The contracts expected to fuel job growth involve construction of supply vessels for three companies: Harvey Gulf International Marine, an offshore oil service company from New Orleans operating in the Gulf of Mexico and Alaska; Boldini, S.A., located and operating in Brazil, and Hornbeck Offshore Services, an offshore oil service entity out of Covington, La. that operates vessels mainly in the Gulf of Mexico and Brazil. The Hornbeck contract will involve the construction of eight 300-foot offshore supply vessels. Indeed, this indicates an increasing business focus. “We’ve been building vessels for the offshore oil industry for the past 32 years,” says D’Isernia. “But the price of oil, which is now over $100 a barrel, has favorably impacted the construction of new oil-industry vessels. What we see happening offshore is that Brazil is aggressively – and intelligently – taking advantage of deep-water discoveries, and this is being positively exploited by companies such as Petrobras, which is one of Latin America’s largest oil and energy companies.”

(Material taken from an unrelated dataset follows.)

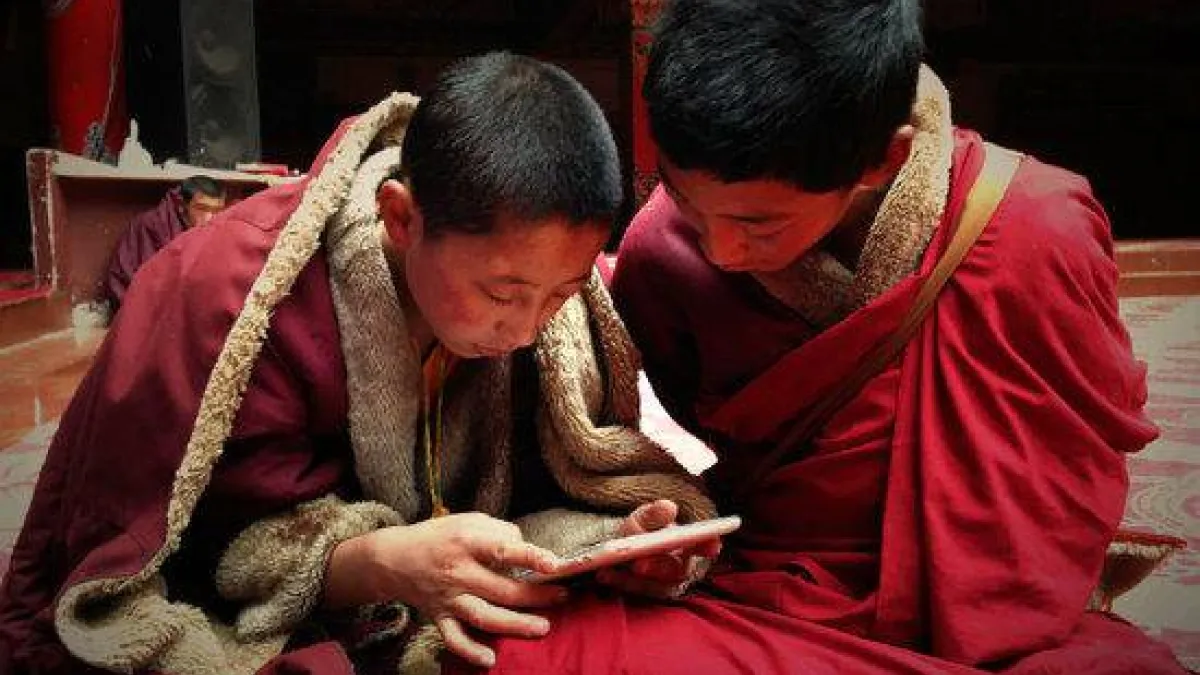 西藏年幼僧侶正在學習。(取自推特)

This has resulted in improved business for Eastern.
But that information only skims the surface of the waters that Eastern Shipbuilding Group is now sailing. That gets back to the company’s shipbuilding diversification. Consider: For the Fire Department of the City of New York (FDNY), Eastern Shipbuilding Group recently delivered the world’s two most powerful fire-fighting boats, which represent a substantial upgrade over that department’s aging marine fleet. The vessels are named the Three Forty Three and the Fire Fighter II.
The Three Forty Three name serves as a reminder of the 343 firefighters that were killed during the September 11, 2001 terrorist attack on the World Trade Center. But this vessel represents more than just a memoriam. Its purpose is practical. “One of the things that happened during the 9/11 attack was that the collapse of the two towers severed quite a few of the city’s water mains,” reminds D’Isernia. “Essentially, that forced FDNY to fight fires with one hand tied behind its back.”
The FDNY was forced to respond to an apocalyptic conflagration without any water pressure. “That’s the problem that the two new vessels were designed to solve,” he says.
But while D’Isernia is confident about the vessels’ capabilities, he hopes that their value will never have to be fully demonstrated. “No one wants to see the Fire Department of New York City go through something like that ever again,” he says. But if a disaster, natural or terrorist-related, should occur, these vessels are fully equipped to help handle the situation. “While they are only 140 feet in length, the vessels can pump enormous amounts of pressure,” he says. “Firefighting boats are measured by their pumping capacity. These two vessels can pump 50,000 gallons of water per minute each.”
Further, the two vessels can be moored anywhere in the New York Harbor – “On either the Brooklyn or New Jersey side,” describes D’Isernia. “From there, the vessels can also perform as mobile pumping stations, and that means that these ships can literally help fight fires that are up to five miles inland.”
It’s ironic: While D’Isernia is proud of his company’s technologic accomplishments, he never wants to see the full extent of the capabilities deployed.
But at least we know the equipment is available.
With each new contract, Eastern positions itself as the shipyard to-go-to for building highly complex vessels of all shapes and sizes, across every market sector of the shipbuilding industry. Eastern is investing heavily now to insure its place in the future.